Thawing ice makes the Alps grow
A 3-D ice-model of the Alps during Last Glacial Maximum. Credit: University of Potsdam, background model based on ESRI Germany data
The Alps are steadily “growing” by about one to two millimeters per year. Likewise, the formerly glaciated subcontinents of North America and Scandinavia are also undergoing constant upward movement. This is due to the fact that at the end of the Last Glacial Maximum (LGM) about 18,000 years ago, the glaciers melted, and with this, the former heavy pressure on the Earth’s surface diminished. The ice reacted rapidly to climate change at that time, whereas the Earth’s crust is still responding today to this relatively sudden ice melt.
During the LGM, the Alps were also coated with an ice cap that temporarily reached far into the alpine foreland. The extent of glaciation was much smaller here than on the subcontinents of North America and Scandinavia. This is why it was assumed for a long time that the retreat of the ice cap back then did not play a significant role in the steady uplifting of the Alps today. However, an international team with the participation of the GFZ scientists Dirk Scherler and Taylor Schildgen have now been able to show that the loss of the LGM ice cap still accounts for 90 percent of today’s uplifting of the Alps.

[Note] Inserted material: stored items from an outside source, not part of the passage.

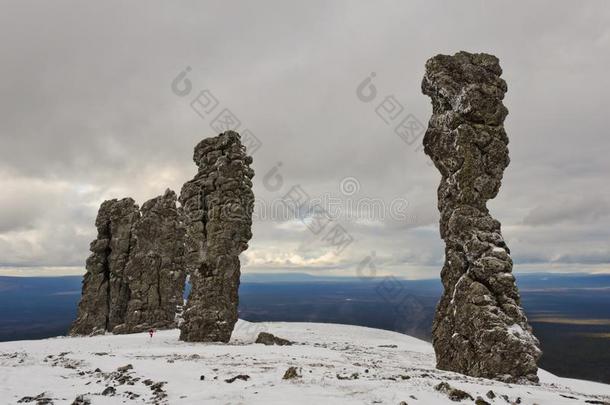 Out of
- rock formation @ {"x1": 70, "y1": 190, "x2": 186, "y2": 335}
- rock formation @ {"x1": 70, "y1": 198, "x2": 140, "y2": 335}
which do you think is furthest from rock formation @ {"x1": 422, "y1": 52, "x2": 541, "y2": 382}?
rock formation @ {"x1": 70, "y1": 198, "x2": 140, "y2": 335}

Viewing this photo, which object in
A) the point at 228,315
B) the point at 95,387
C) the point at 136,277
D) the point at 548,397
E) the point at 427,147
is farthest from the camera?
the point at 136,277

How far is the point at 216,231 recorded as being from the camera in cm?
3678

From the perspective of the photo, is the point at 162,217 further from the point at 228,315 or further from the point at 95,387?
the point at 95,387

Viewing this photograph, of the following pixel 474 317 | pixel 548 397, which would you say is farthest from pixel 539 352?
pixel 548 397

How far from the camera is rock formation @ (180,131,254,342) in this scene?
35562mm

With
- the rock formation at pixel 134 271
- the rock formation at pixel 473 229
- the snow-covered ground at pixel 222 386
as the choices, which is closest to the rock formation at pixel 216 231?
the snow-covered ground at pixel 222 386

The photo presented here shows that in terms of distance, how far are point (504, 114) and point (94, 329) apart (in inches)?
2275

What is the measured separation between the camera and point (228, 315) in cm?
3581

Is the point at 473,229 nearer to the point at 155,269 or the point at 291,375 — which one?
the point at 291,375

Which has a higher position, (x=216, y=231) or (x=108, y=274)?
(x=216, y=231)

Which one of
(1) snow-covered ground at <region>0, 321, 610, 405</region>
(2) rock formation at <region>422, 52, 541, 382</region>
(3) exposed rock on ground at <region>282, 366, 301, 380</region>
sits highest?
(2) rock formation at <region>422, 52, 541, 382</region>

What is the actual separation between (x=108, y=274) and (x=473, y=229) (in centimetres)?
5436

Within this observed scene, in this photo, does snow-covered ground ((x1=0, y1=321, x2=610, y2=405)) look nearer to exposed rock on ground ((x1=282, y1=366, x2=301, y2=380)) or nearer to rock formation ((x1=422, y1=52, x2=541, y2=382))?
exposed rock on ground ((x1=282, y1=366, x2=301, y2=380))

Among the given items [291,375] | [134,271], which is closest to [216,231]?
[291,375] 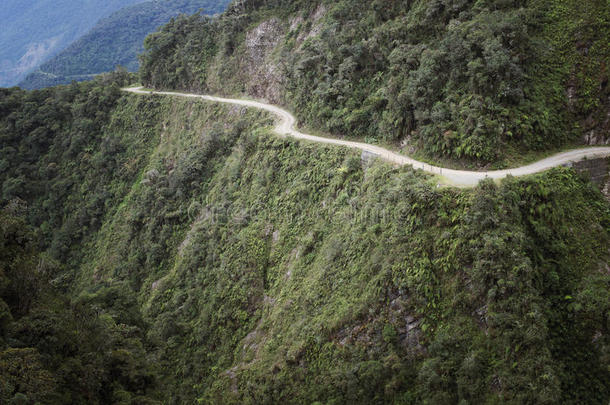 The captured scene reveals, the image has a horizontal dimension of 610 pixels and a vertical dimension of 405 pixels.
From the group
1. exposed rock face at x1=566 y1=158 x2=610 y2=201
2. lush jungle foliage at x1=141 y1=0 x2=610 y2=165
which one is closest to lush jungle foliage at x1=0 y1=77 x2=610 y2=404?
exposed rock face at x1=566 y1=158 x2=610 y2=201

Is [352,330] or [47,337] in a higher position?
[47,337]

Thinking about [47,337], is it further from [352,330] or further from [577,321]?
[577,321]

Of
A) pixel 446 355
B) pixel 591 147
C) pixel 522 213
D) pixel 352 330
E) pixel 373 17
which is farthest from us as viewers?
pixel 373 17

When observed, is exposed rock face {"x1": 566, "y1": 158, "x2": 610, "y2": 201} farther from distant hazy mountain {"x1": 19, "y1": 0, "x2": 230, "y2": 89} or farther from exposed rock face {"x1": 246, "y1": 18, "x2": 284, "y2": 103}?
distant hazy mountain {"x1": 19, "y1": 0, "x2": 230, "y2": 89}

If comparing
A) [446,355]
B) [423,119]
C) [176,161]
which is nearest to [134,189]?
[176,161]

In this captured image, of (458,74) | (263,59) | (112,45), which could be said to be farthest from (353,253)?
(112,45)

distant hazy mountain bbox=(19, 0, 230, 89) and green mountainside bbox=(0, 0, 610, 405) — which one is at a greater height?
distant hazy mountain bbox=(19, 0, 230, 89)

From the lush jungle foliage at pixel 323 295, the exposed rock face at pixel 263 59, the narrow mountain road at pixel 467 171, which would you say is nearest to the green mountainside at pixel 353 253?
the lush jungle foliage at pixel 323 295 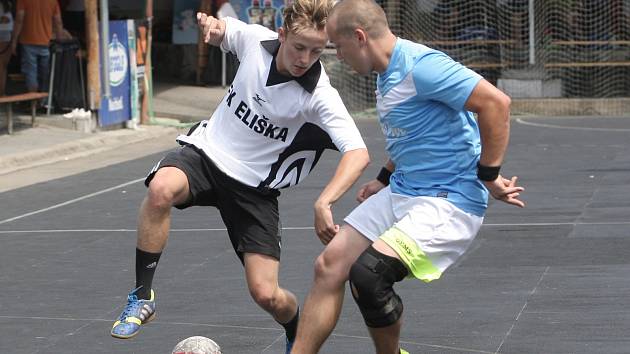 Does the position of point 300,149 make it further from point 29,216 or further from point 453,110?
point 29,216

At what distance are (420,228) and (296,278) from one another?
3637 mm

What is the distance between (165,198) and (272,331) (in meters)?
1.64

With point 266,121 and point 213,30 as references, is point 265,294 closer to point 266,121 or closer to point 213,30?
point 266,121

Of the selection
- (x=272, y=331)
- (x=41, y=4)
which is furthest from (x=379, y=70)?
(x=41, y=4)

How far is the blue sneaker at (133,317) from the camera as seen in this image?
6441mm

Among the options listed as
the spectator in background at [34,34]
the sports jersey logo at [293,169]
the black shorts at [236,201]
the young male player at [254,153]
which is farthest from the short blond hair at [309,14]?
the spectator in background at [34,34]

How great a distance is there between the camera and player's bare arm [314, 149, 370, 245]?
19.5 feet

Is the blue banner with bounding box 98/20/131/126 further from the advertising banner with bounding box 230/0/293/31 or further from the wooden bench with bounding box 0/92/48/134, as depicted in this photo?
the advertising banner with bounding box 230/0/293/31

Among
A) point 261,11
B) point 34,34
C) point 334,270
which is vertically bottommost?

Vertical motions of the Earth’s crust are mainly caused by tectonic deformation due to movements of tectonic plates, volcanism, and unloading of water, ice and sediments. The movement of the crust can be measured by geodetic methods via satellites and ground stations. For old, tectonically stable continents like the subcontinents of North America and Scandinavia, it has been known for a long time that vertical motion is almost exclusively caused by the so called postglacial “rebound effect”—i.e. the upward motion of the crust due to the thawing of the glaciers. In young mountain belts such as the Alps, however, complex mechanisms come into play that mutually affect each other: The African Plate subducts below the Eurasian Plate, and the Adriatic Plate—a sub-plate of the African Plate—moves counterclockwise below the Eurasian Plate. Furthermore, as in Scandinavia and North America, there is unloading due to erosion and sediment transport, and deglaciation. The causes for today’s uplift of the Alps has been a matter of debate for over a quarter-century.